The blogosphere is catching up

I see the blogosphere has caught up to the early nineties in the macroeconomics debate. As Larry Summers argued — in 1988! — there are problems, like the Great Depression, with real business cycle theory. How can supply shocks explain such hugemongous declines in GDP?

Cole and Ohanian subsequently took up that challenge — in 1999! — finding that while real shocks explain about half of the contraction, recovery from the Great Depression was much slower than predicted by RBC. They claimed this was because New Deal policies were contractionary. This lead to responses from folks like Eggertsson.

The neo-classical view of the Great Depression is captured in a new book edited by Kehoe and Prescott. There are no macroeconomists, except perhaps Prescott, who believe real shocks are the only important shocks to the economy. Its important to point out, though, that no matter how kooky Prescott is, real shocks explain well over half of fluctuations.

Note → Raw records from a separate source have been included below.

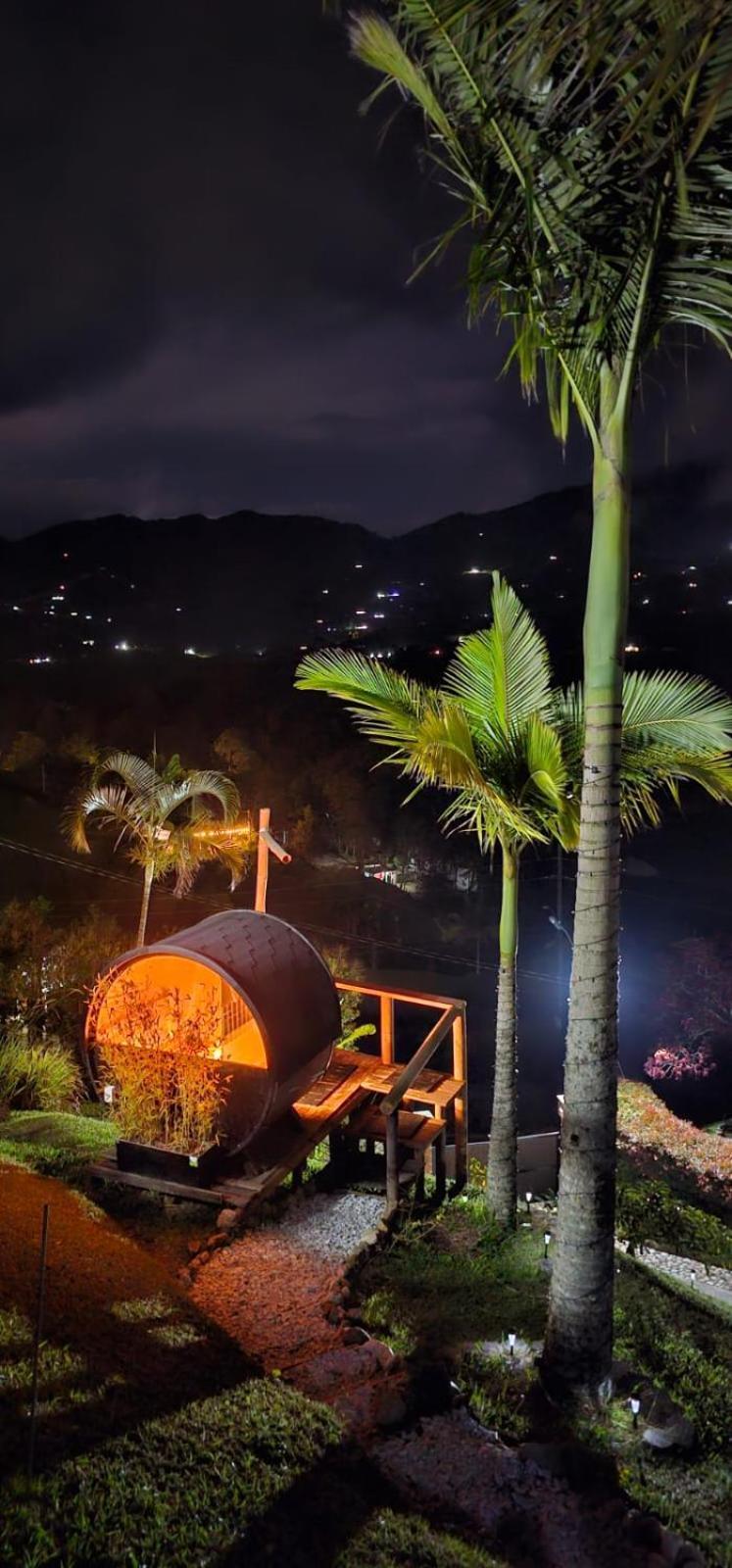 Glamping Montecarlo Cubo De Madera-guatape Campsite *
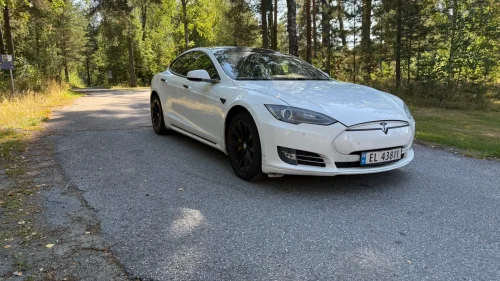 TESLA MOTORS MODEL S 85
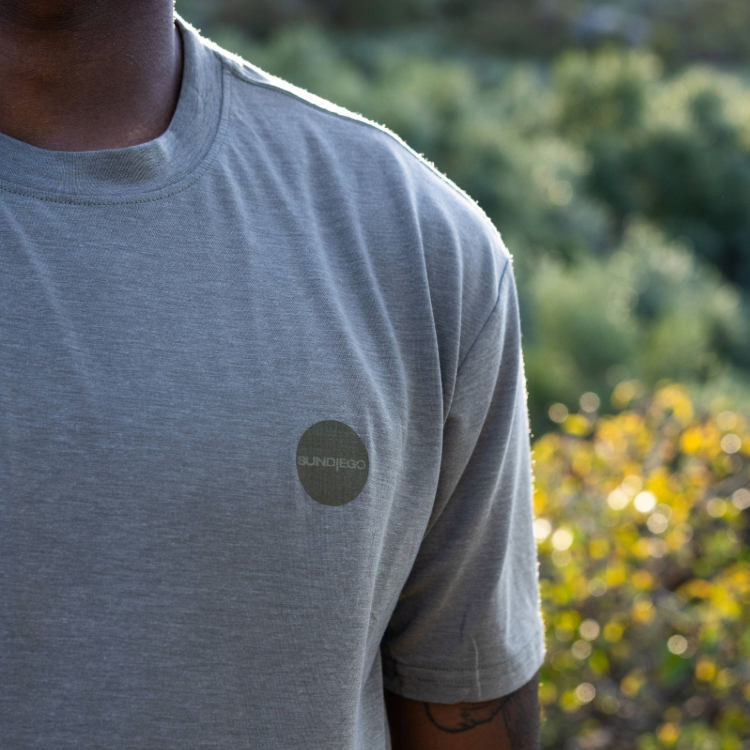 SUNDIEGO TECH TEE  - Heather Grey - Sun Diego Boardshop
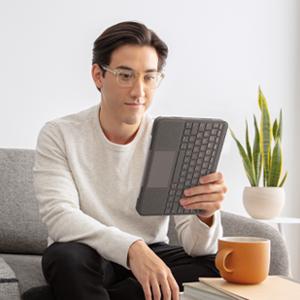 Produktbild Logitech Folio Touch (CH, iPad Air 2020 (4. Gen), iPad Air 2022 (5. Gen))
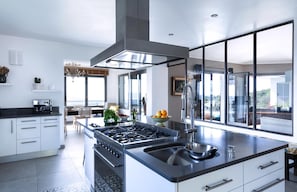 Fridge, microwave, oven, stovetop - Boutique Residence with Stunning Views near Porto Vecchio (Porto-Vecchio)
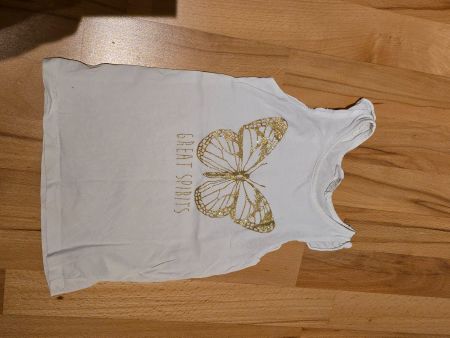 Top Gr. 110 / 116 mit Schmetterling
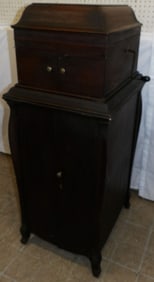 Mahogany Victrola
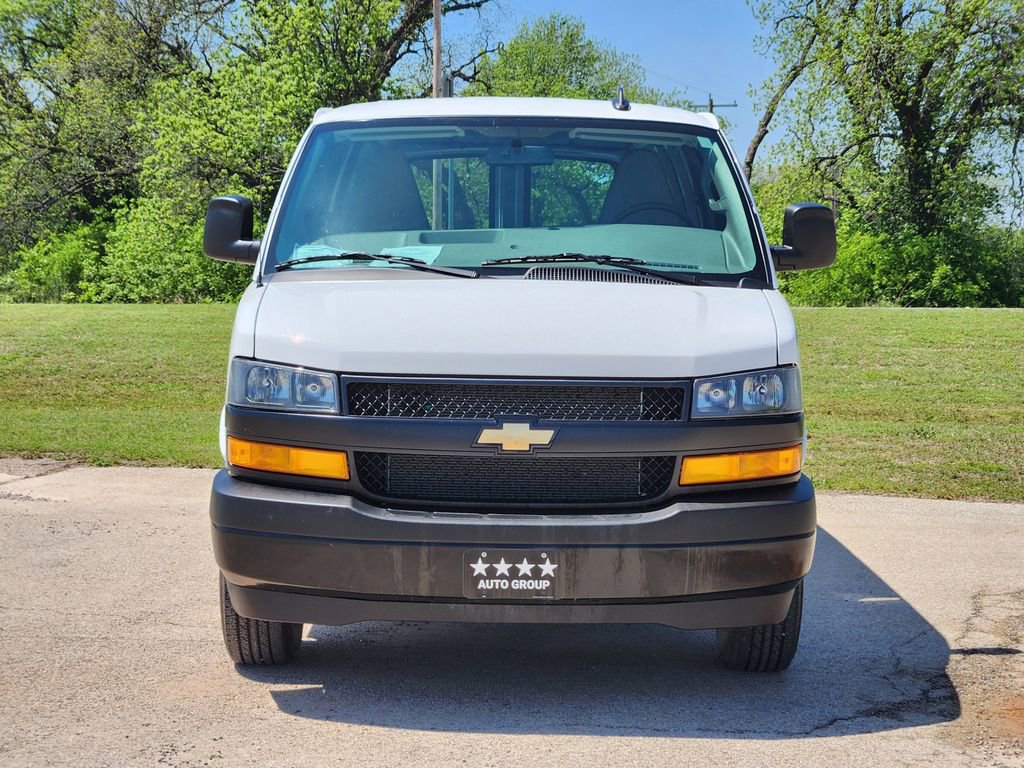 Used 2025 Chevrolet Express 2500 w/ Driver Convenience Package RWD video 2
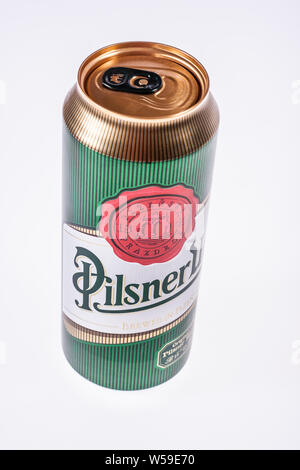 Lodz, Pologne, décembre 2016 : la bière tchèque peut, Pilsner Urquell, brassée dans la brasserie Pilsner Urquell à Plzen Banque D'Images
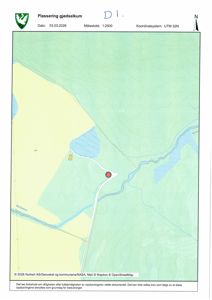 Situasjonsplan som viser plassering av en bygning (merket med rød sirkel) i forhold til veier, vannløp og terrengforhold. Tittelen 'Plassering gjødselkum' bekrefter at det er en situasjonsplan for en spesifikk plassering.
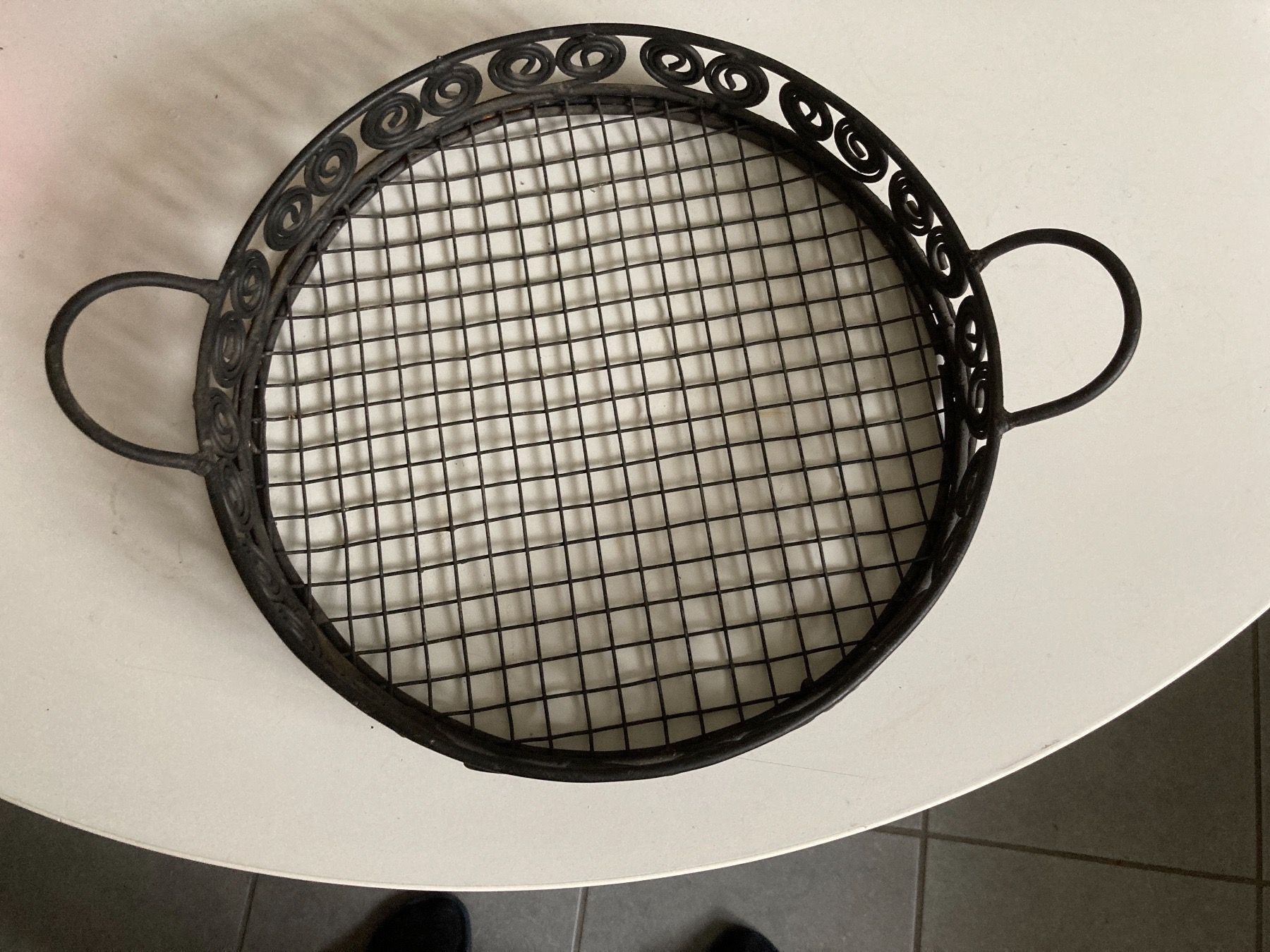 Servierplatten: Servier Tablett aus Metall – Gebraucht aus Zürich von Chaeffeler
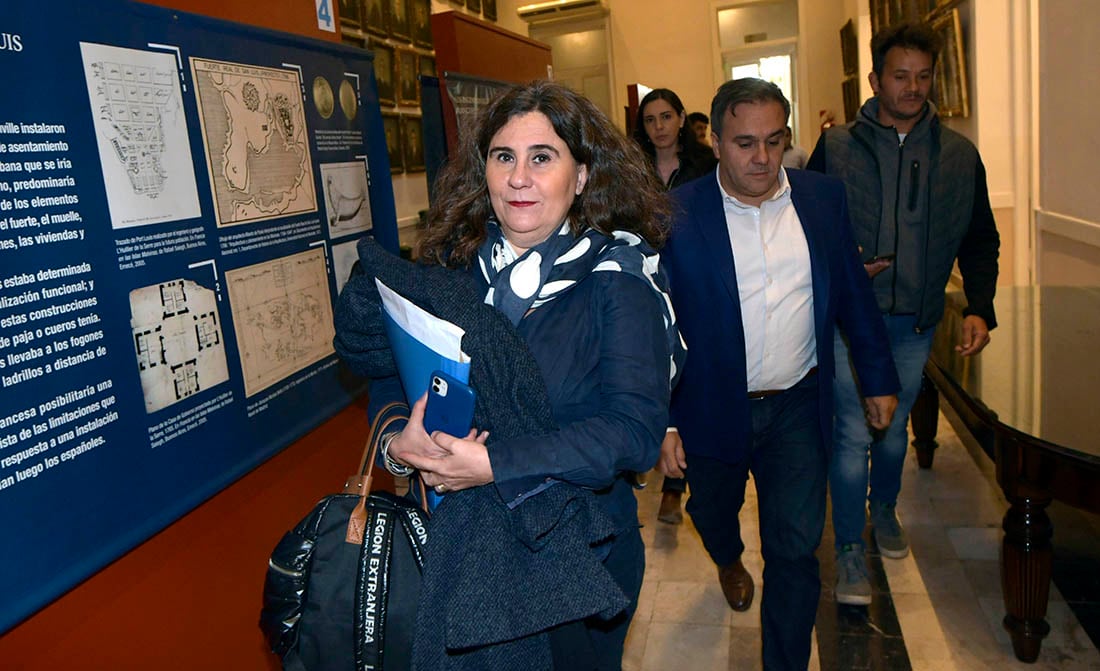 A raíz de la renuncia masiva de médicos anestesistas en los hospitales públicos de  Mendoza por un conflicto salarial, se desarrollaron en la Legislatura provincial reuniones, con Ana María Nadal, Ministra de Salud, Desarrollo Social y Deportes

Foto: Orlando Pelichotti - Los Andes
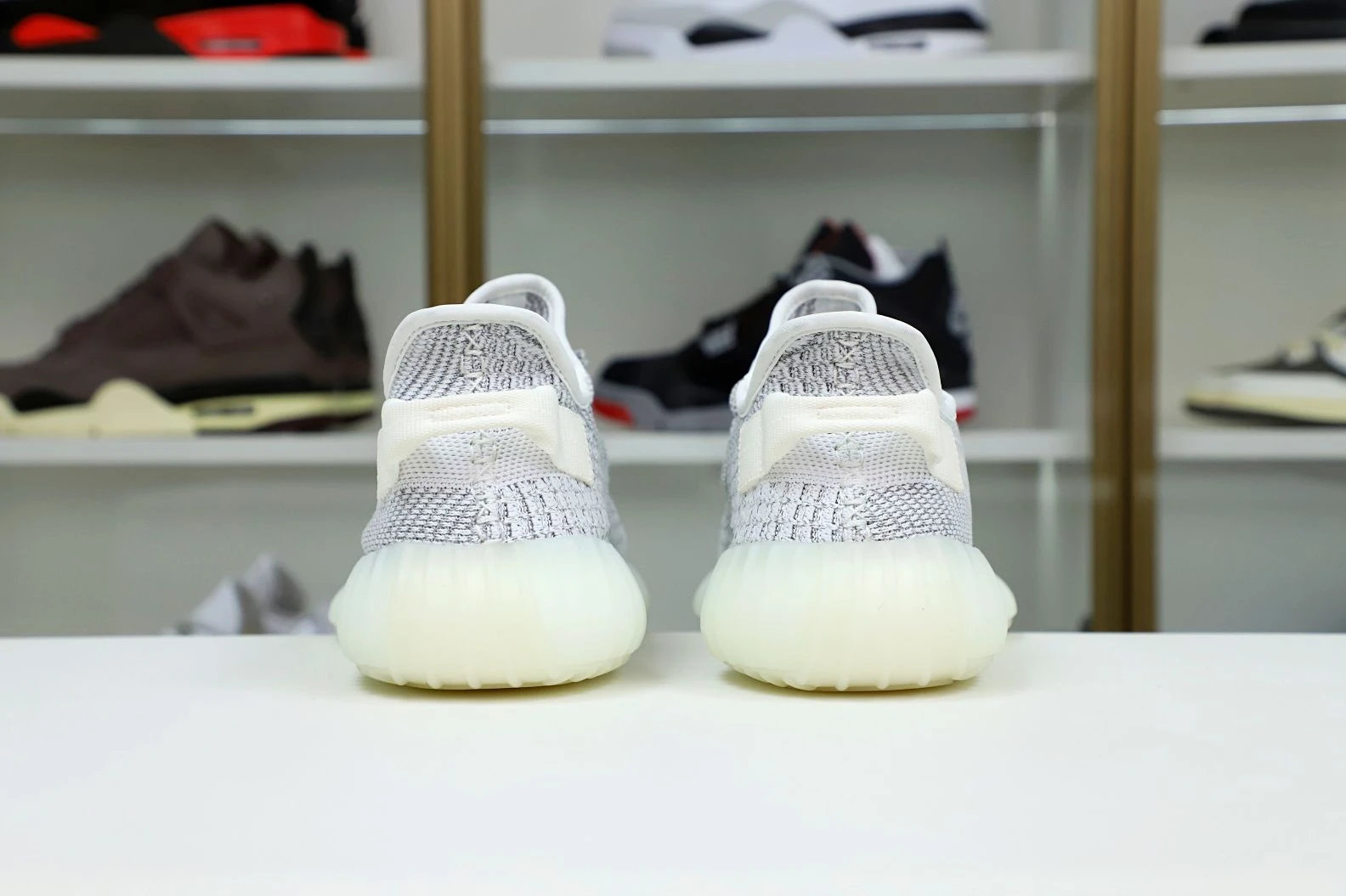 Kimikick YEEZY BOOST 350 V2 'STATIC REFLECTIVE' SportInspired 20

3 thoughts on “The blogosphere is catching up”

  1. Am I the only one that thinks that these are the wrong questions to ask? The shocks decomposition of output volatility is always contingent on some structural model so the right questions should be about models. A few things that come to mind:

    a) The (sub?)optimality of price setting behavior;
    b) The right microfoundations of money demand;
    c) The right microfoundations of labor demand;
    d) Are we in a state of sin when we model policy by loss functions or “tractable” rules?

    Disagreement about those issues are what drives the different estimates of, for example, the importance of a shock you tack onto a nominal interest rate rule, or whatever.